■ Task ■
Given the records below, would you repeat exactly the lines that begin at the one containing "최신원 SK네트웍스 회장, 대한펜싱협회장 연임 성공" and end at the one containing "House Burgas, Bulgaria, 360 m² - picture 1", inclusive?

■ Recorded data ■
---*---

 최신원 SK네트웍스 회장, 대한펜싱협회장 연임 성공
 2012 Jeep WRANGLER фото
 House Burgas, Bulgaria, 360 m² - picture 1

---*---

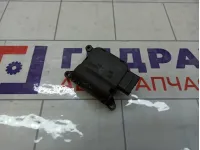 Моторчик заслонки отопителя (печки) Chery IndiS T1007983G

---*---

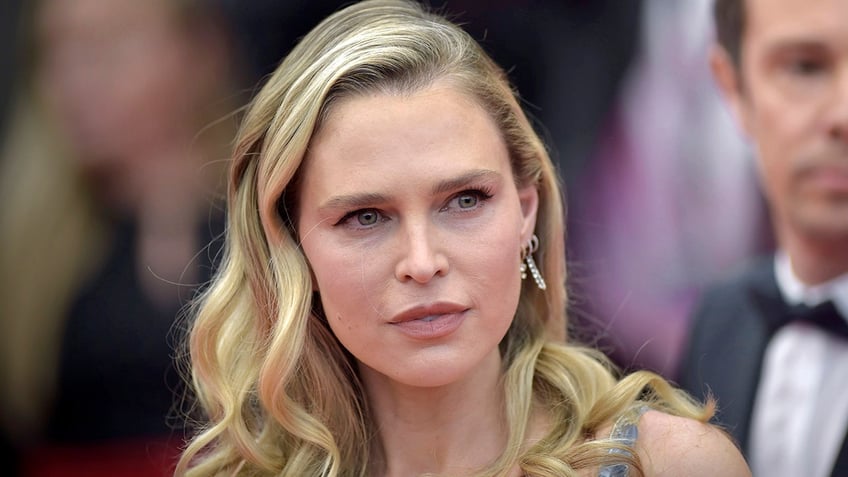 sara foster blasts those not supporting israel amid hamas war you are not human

---*---

■ Task response ■
 최신원 SK네트웍스 회장, 대한펜싱협회장 연임 성공
 2012 Jeep WRANGLER фото
 House Burgas, Bulgaria, 360 m² - picture 1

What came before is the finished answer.